Records provided:
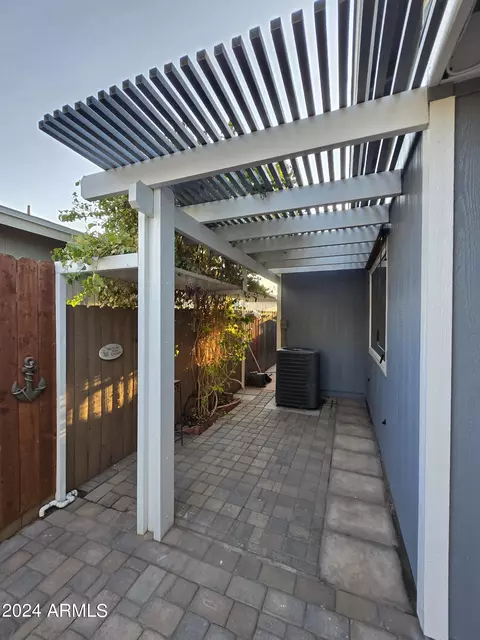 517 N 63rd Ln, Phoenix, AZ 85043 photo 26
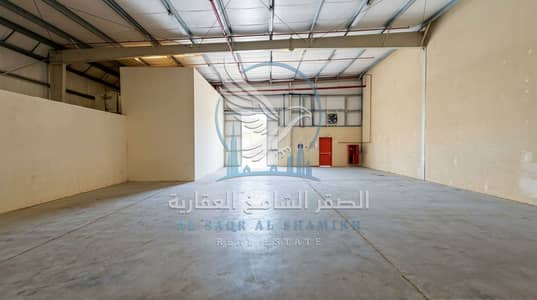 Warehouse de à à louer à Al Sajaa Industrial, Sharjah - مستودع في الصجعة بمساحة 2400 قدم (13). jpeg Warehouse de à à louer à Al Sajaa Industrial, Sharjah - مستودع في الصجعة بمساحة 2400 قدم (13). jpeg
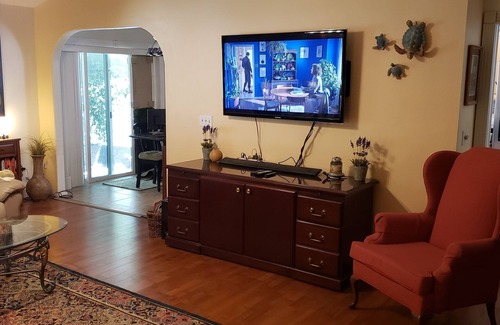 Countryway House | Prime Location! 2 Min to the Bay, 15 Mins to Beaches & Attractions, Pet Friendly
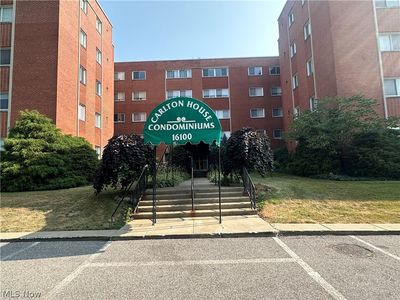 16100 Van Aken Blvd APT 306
==
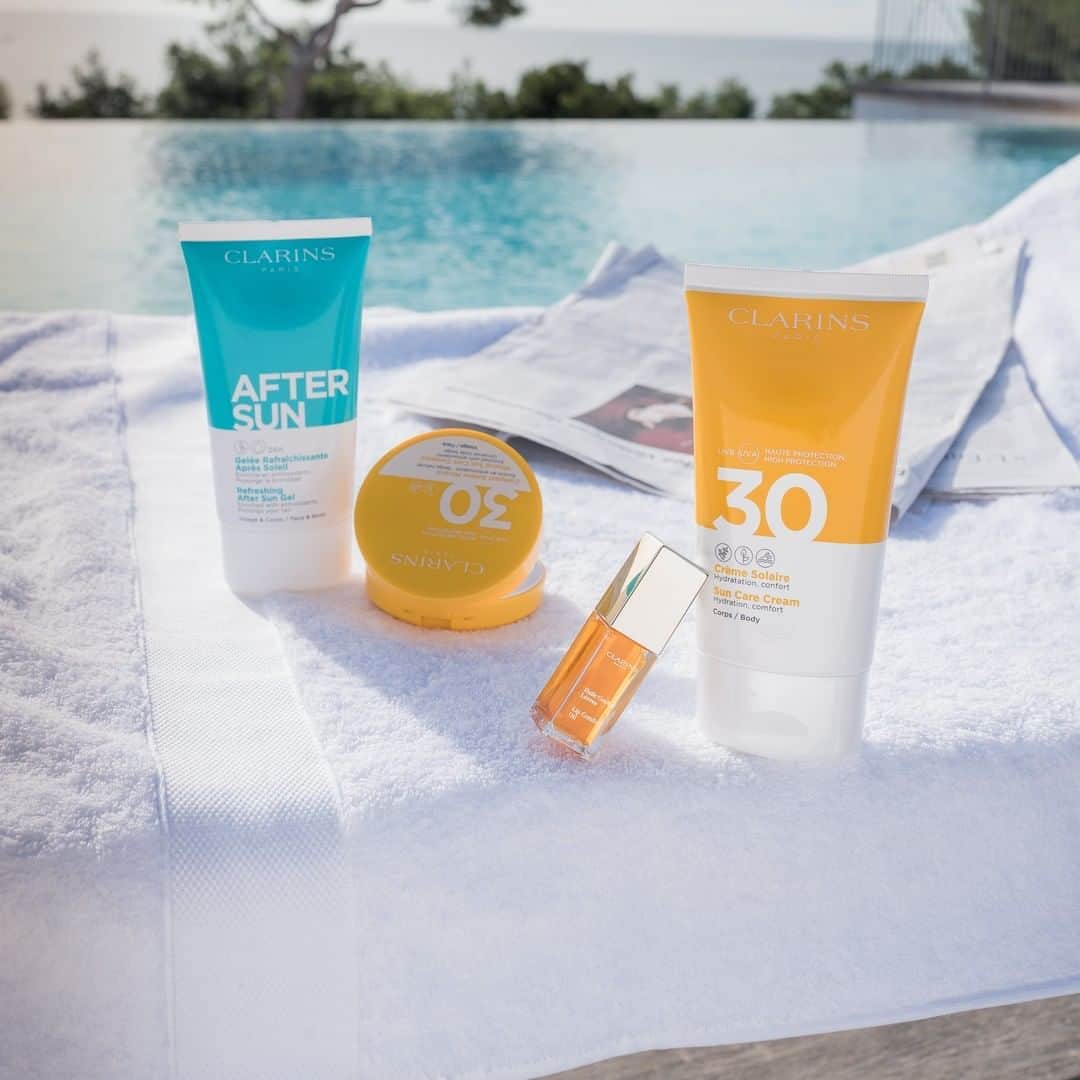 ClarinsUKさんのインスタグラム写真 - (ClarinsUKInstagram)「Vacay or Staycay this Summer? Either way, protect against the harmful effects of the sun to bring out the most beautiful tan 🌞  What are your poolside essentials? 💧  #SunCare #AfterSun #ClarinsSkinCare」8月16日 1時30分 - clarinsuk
--
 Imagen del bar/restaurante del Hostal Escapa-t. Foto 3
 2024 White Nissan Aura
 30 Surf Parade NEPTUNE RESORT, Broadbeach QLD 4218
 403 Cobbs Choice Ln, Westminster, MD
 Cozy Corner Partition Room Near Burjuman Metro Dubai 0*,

About this exercise: Your answer must be everything above from the line with "(13). jpeg Warehouse" down to the line with "Countryway House |", word for word, and no pictures.

Task result:
 Warehouse de à à louer à Al Sajaa Industrial, Sharjah - مستودع في الصجعة بمساحة 2400 قدم (13). jpeg Warehouse de à à louer à Al Sajaa Industrial, Sharjah - مستودع في الصجعة بمساحة 2400 قدم (13). jpeg
 Countryway House | Prime Location! 2 Min to the Bay, 15 Mins to Beaches & Attractions, Pet Friendly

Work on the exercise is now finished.